Latanya Heath, who lives 10 doors from the explosion, noticed Moore asking around for a pair of socks. Heath darted toward her. “I’ll go to the Dollar Tree,” she said. There was one a block away on Reisterstown Road. Moore insisted it wasn’t necessary, Heath said.
But Heath, 48, knew someone on the block must have a pair. Weaving across the street through the fire department vehicles, police tape and television news crews, she found Parrish sitting on her porch.
The 43-year-old sent her daughter, Na-Shaé Carter, 20, into the house to get a pair. She returned outside with pink socks in hand.
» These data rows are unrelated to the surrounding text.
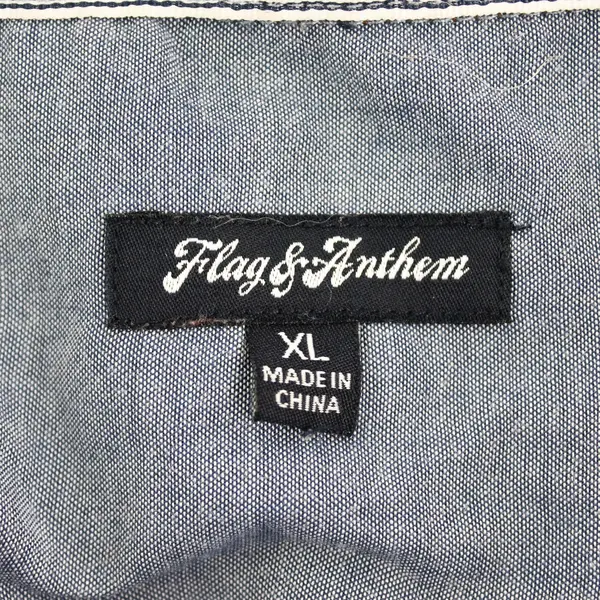 Flag & Anthem Dark Blue & Brown Gingham Long Sleeve Button Up Snaps Women's XL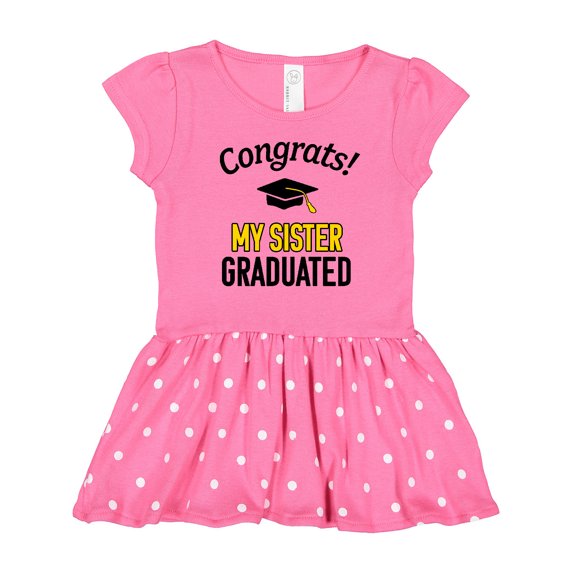 Inktastic Congrats! My Sister Graduated with Cap Girls Toddler Dress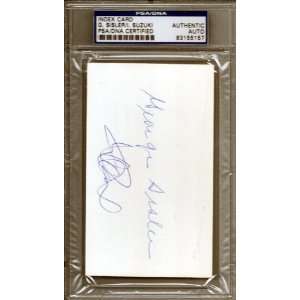 Ichiro Suzuki & George Sisler Autographed Index Card PSA/DNA #83155157 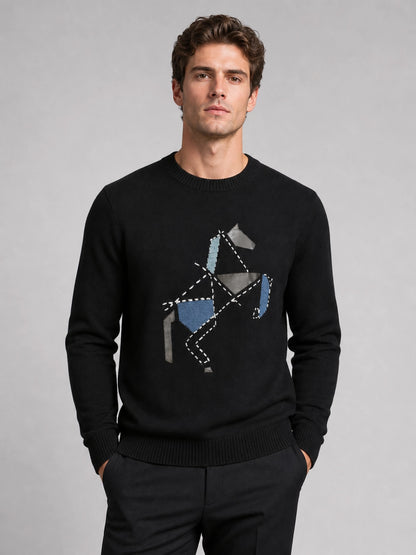 HERMES Siyah Kazak – Modern Kesim, Minimal Tasarım, Logo Detaylı (Erkek)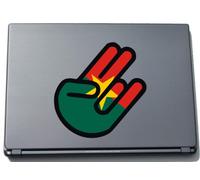 INDIGOS UG The Shocker Hand Decal Sticker Laptop skin 297x205 mm black Outline with Flag Burkina Faso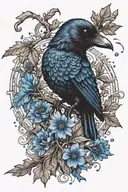 A unique design combining elements of an oak tree branch, a black crow, and a blue cornflower in a harmonious composition tattoo design idea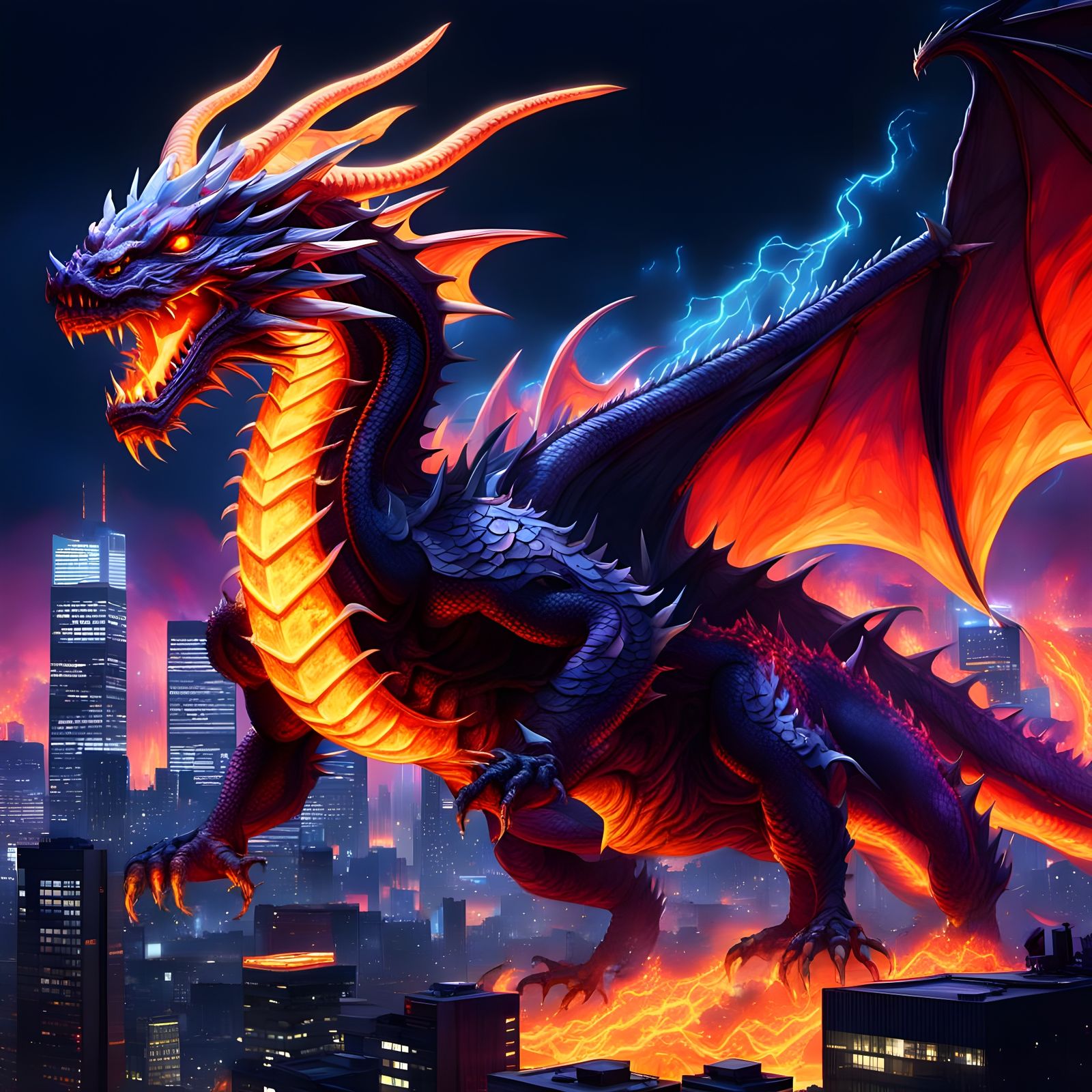 Flaming Dragon Over Tokyo: Fantasy Concept Art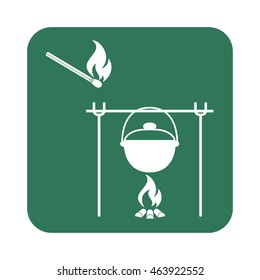 Fire and pot icon. Vector illustration.


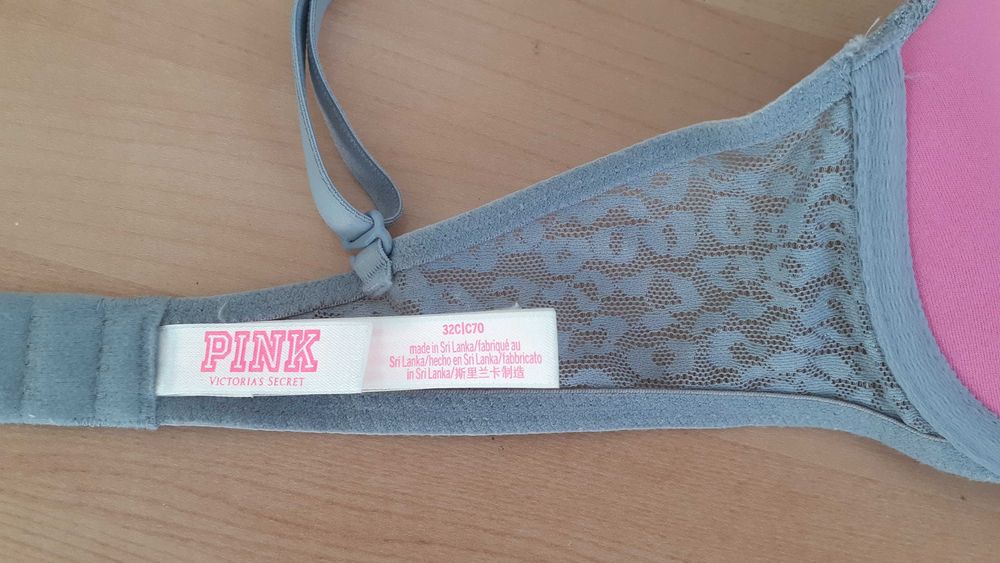 VS Victoria's Secret Pink Bra biustonosz 32C 70C push up koronka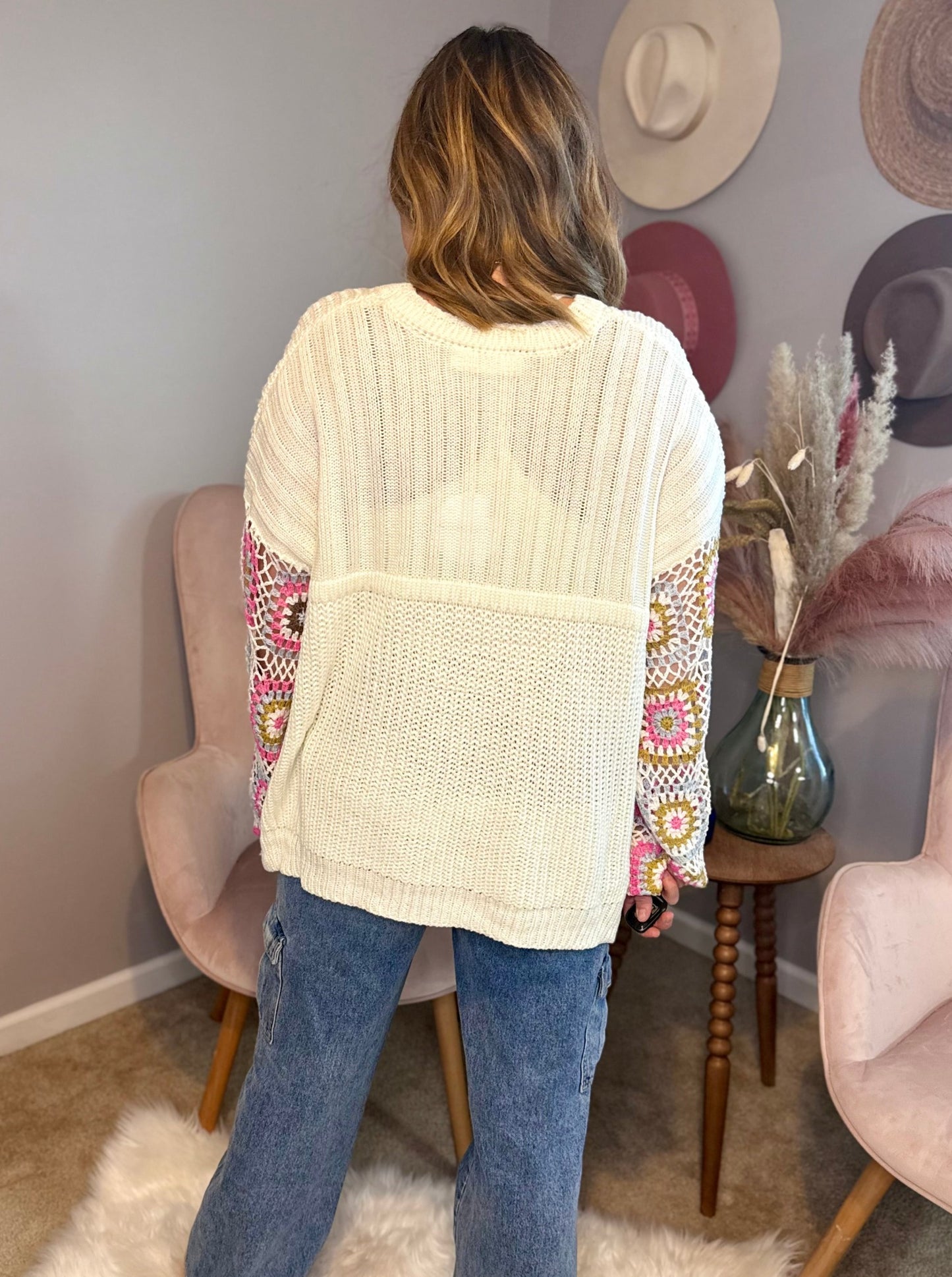 Delilah Ivory & Color Crotchet Sweater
“I got 10,000 socks,” Parrish said. “One pair ain’t gonna hurt. To give it to somebody in their time of need, I don’t even care. I was out here giving out water. … I wasn’t worried about me. I was worried about my neighbors.”
Earlier that morning, she had run around to neighbors’ houses when rescue crews began arriving on the scene after the blast, yelling, “Y’all, get out! We smell gas!”
First, confused faces stared back at her, Parrish said. Then, black smoke started rising from the rubble of the explosion, and “everybody started running up the street,” she said.
“It was something I don’t ever want to see again,” Parrish said. “I’m just glad I could be there and do what I was always taught, which is to help people no matter what the situation is.”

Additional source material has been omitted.